Monday, November 24, 2008

British finding more archaeological treasures

'DRAMATIC' RISE IN TREASURE FINDS
By Vicky Shaw
19 November 2008
Press Association National Newswire

There has been a "dramatic" increase in the number of treasure finds in the last year, a report said today. The Treasure Annual Report said that 747 objects were reported in 2007, up from 665 in 2006.

The 2005/06 report showed 1,257 finds in total were reported to the British Museum, the National Museums and Galleries of Wales and the Environment and Heritage Service, Northern Ireland. Culture minister Barbara Follett, who was at the British Museum in London for the launch of the report, said that programmes like Time Team owed a lot of their popularity to the way in which treasure finds have been formalised.

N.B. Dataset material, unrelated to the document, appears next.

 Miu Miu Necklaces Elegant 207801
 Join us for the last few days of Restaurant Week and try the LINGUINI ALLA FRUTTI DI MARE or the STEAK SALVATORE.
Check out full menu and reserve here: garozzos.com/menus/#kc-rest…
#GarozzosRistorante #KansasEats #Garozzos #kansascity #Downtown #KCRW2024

She also highlighted Rolling Stone Bill Wyman as an "obsessive treasure finder". Ms Follett said: "You wouldn't think he would be an obsessive treasure finder, but he is...It's very interesting to see people from right across society going to look for their past."

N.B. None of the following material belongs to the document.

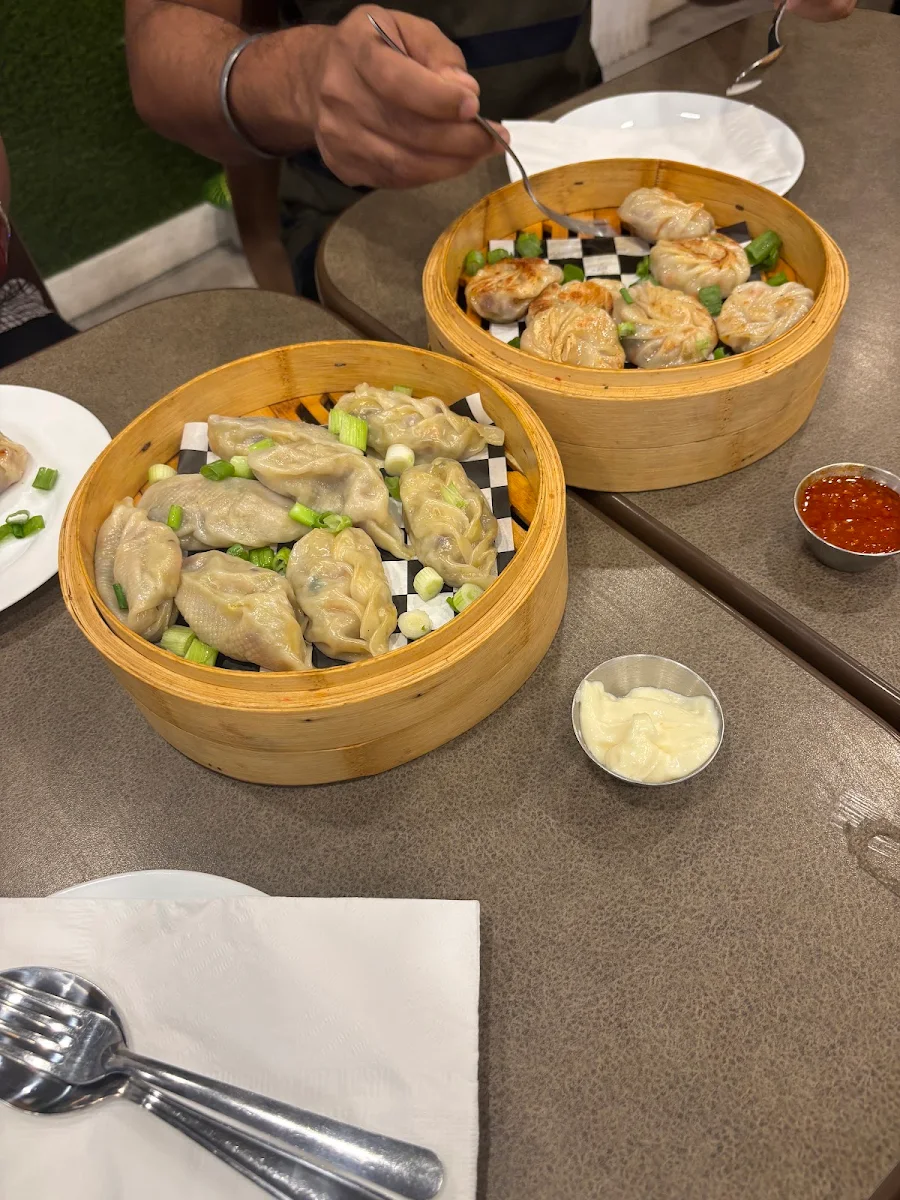 Food & drink, Les Momos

Wyman has a section dedicated to archaeology on his website, which talks about how he has created his own signature metal detector. Ms Follett told how as a child she once found a coin in a field in Essex. "I remember nobody knew what we had to do," she said. "Now there is a system in place."

The Treasure Act in 1996 ruled that finders and landowners would be eligible for rewards for finds. Since then, she said, museums had reported a 10-fold increase in the treasure items offered to them. Government agency the Museums, Libraries and Archives (MLA) has confirmed an allocation of £1.3 million this year to the Portable Antiquities Scheme (PAS) which encourages the public to report archaeological finds, rising to more than £1.4 million in 2010/11. She said: "I am very pleased that, thanks to the hard work of all those involved in the scheme, more archaeological material is now available for people to see in museums and galleries."

The year 2006 also saw an increase in donations of treasure finds to museums, following a Government initiative to encourage finders to gift their discoveries to local museums. In 2006, 44 finders donated finds to museums, up from 25 in the previous year. The museum said today that a wide number of significant objects had passed through the treasure process in 2005/06.

They include:

- An Iron Age Torc (200AD to 50BC) made from gold and silver. It was found in 2005 near Newark, Nottinghamshire, by a man searching for a crashed Second World War aircraft. It is the first time such an object has been found in this area, the museum said, forcing archaeologists to re-think the importance of the region 2,000 years ago. Valued at £350,000, the high status object has been acquired by Newark Heritage Service and is the most expensive single treasure find in recent history.

- A medieval silver seal matrix (13th century AD) found in Swanley, Kent, in 2005. It shows the only known surviving gem portrait of Roman Emperor Antoninus Pius, the successor to Hadrian. It was acquired by the British Museum for £2,750.

- A large Roman coin hoard found in Snodland, Kent, and deposited around 347AD. It consists of more than 3,600 coins and was found by a digger driver during a survey. The hoard is being investigated by the British Museum.